Peter: So the majority are 3/4s then?

Rhonda: The majority even have at least one allele. Yeah. 3/4s.

Peter: Yeah. But again, that's...

Rhonda: Having just one allele.

Peter: ...based on the hazard ratio, we know that that's just a numbers game because 20% to 25% of the population is 3/4.

Rhonda: Right, exactly. But the point is is that there's something...

Peter: But the 3/3 doesn't protect you from AD.

Rhonda: No, it doesn't.

Peter: So someone walking around with a 3/3 you shouldn't assume that, "Well I'm never going to get AD."

Rhonda: No, it does not protect you, but there is definitely something...

Peter: Does the 2/2 protect you?

Rhonda: The 2 does actually protect. Yes.

Peter: Yeah. I'm sure that some paper has the histogram of 2/2, 2/3...

Rhonda: It's protective. Yeah, it is. And so it's very...

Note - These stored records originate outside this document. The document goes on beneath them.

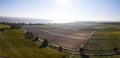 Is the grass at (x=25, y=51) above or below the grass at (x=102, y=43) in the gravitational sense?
above

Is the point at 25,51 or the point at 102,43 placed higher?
the point at 25,51

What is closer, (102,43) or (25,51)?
(25,51)

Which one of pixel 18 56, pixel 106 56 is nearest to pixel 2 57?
pixel 18 56

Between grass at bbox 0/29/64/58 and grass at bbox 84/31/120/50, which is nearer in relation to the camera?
grass at bbox 0/29/64/58

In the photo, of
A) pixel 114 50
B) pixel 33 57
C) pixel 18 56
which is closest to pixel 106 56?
pixel 114 50

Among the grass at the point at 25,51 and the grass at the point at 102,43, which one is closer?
the grass at the point at 25,51

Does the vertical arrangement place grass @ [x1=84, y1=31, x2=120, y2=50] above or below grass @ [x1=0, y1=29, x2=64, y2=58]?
below

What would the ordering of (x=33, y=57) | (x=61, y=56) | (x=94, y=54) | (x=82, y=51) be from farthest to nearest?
(x=82, y=51), (x=94, y=54), (x=61, y=56), (x=33, y=57)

Peter: Because in cardiac disease it does, and in cardiac disease the 2/4 is about the same as the 3/3. The 2 and the 4 cancel.

Rhonda: Wait, say that again? So the 2/4s is...?

Peter: The 2/4 is about the same as the 3/3.

Rhonda: Oh, good.

Peter: And again, just in hazard ratio.

Rhonda: I found that my mom was 2/4 and it was for the cardiac problem that I was kind of worried. Anyways, okay, that's very interesting. So we're totally going off on this ApoE tangent but it's something that...

Peter: No one is even watching at this point, it doesn't matter.